PROVIDED MATERIAL:
········

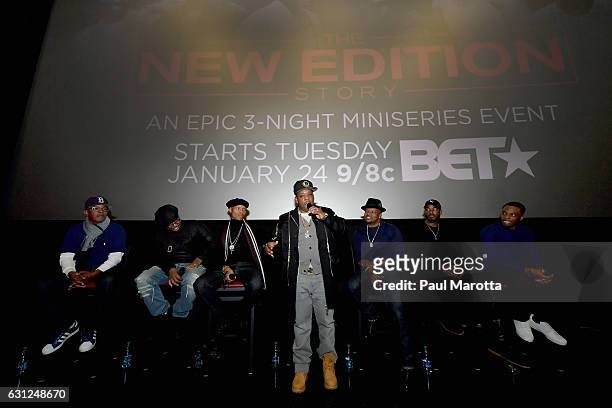 Brooke Payne, Bobby Brown, Rickie Bell, Ronnie DeVoe and Michael Bivins attend BET's Boston screening of 'The New Edition Story' at AMC Boston Common...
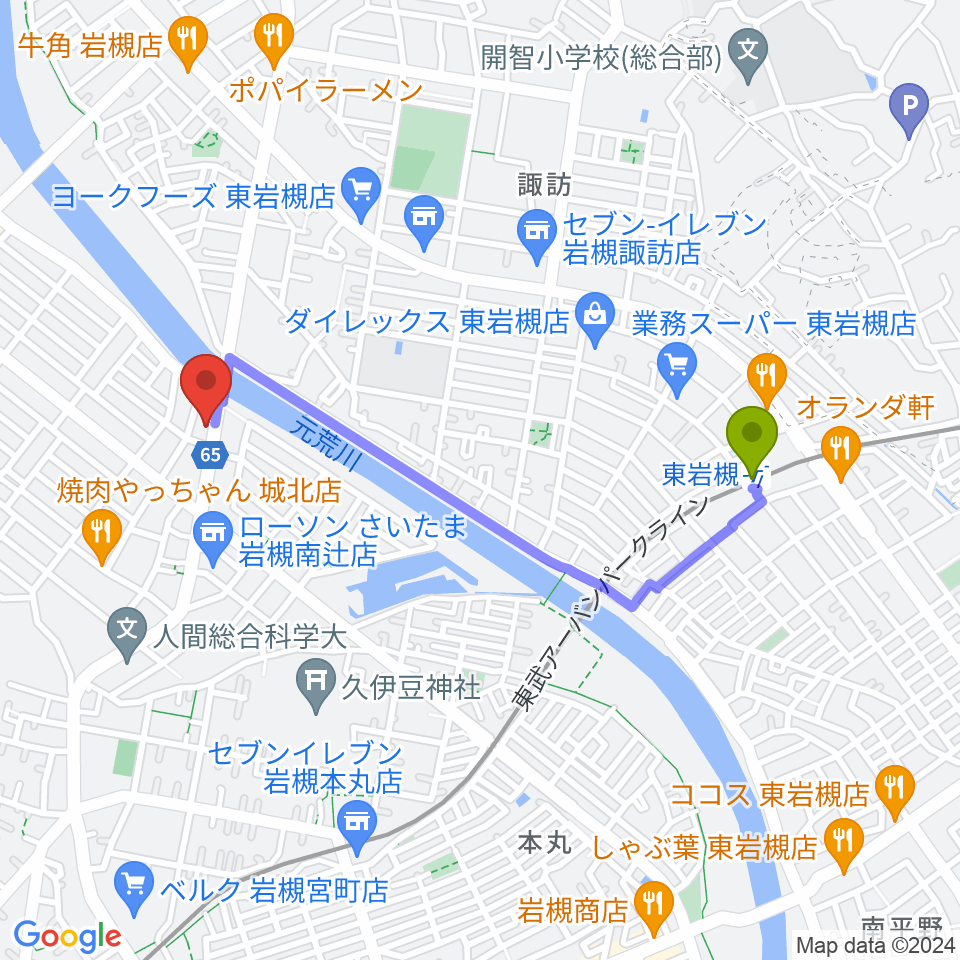 ミネラルウォーターサウンドスタジオの最寄駅東岩槻駅からの徒歩ルート（約18分）地図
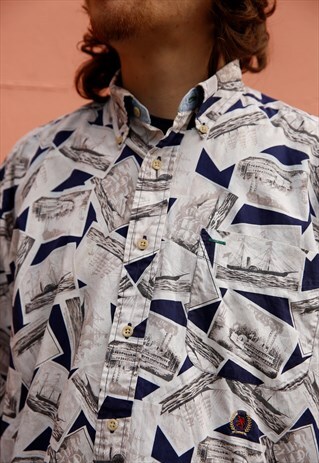 VINTAGE 90S TOMMY HILFIGER ABSTRACT BOAT PATTERN SHIRT BLUE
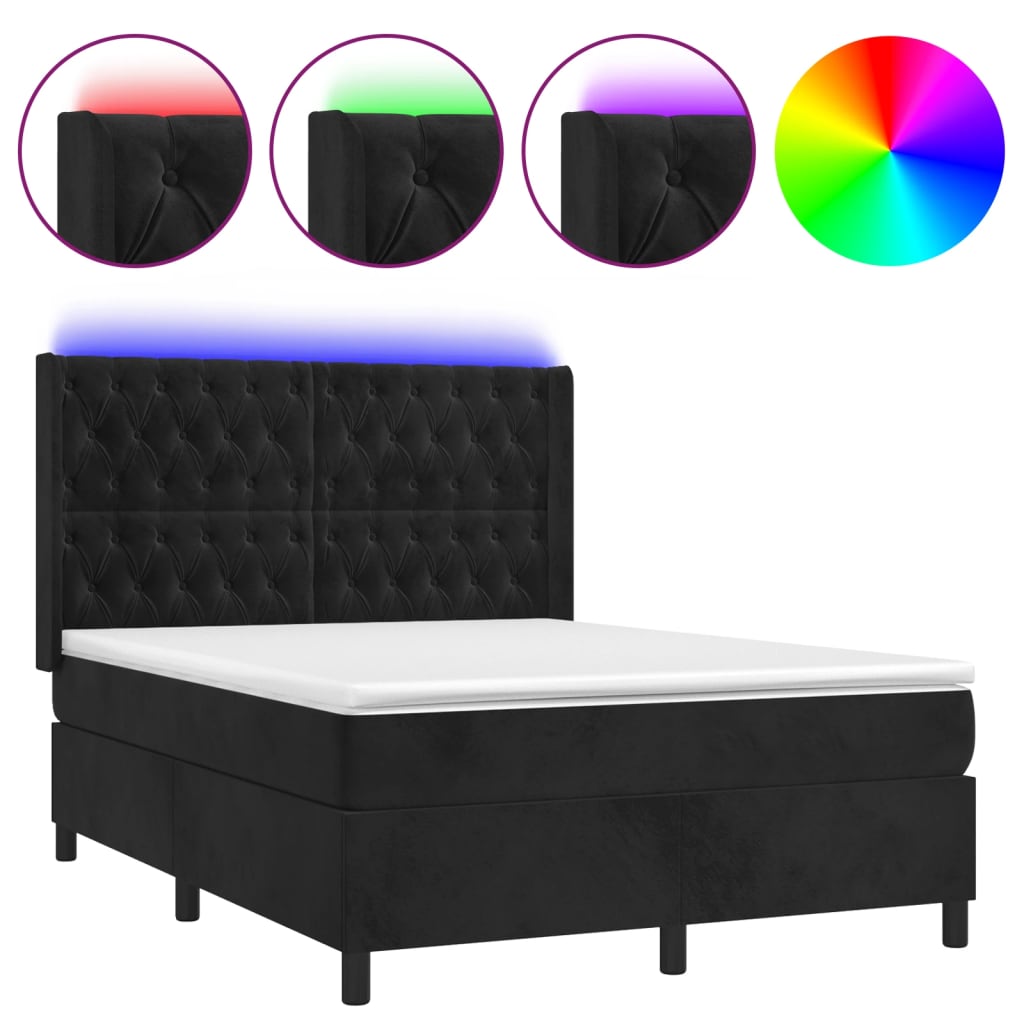 Cama box spring colchón y LED terciopelo - Diseño de botones 140x200 Negro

········

WHAT THE EXERCISE ASKS:
Only the lines from the one containing "ミネラルウォーターサウンドス" through the last line of the data above, both included, belong in the reply, each restated exactly and without pictures.

WRITTEN ANSWER:
 ミネラルウォーターサウンドスタジオの最寄駅東岩槻駅からの徒歩ルート（約18分）地図
 VINTAGE 90S TOMMY HILFIGER ABSTRACT BOAT PATTERN SHIRT BLUE
 Cama box spring colchón y LED terciopelo - Diseño de botones 140x200 Negro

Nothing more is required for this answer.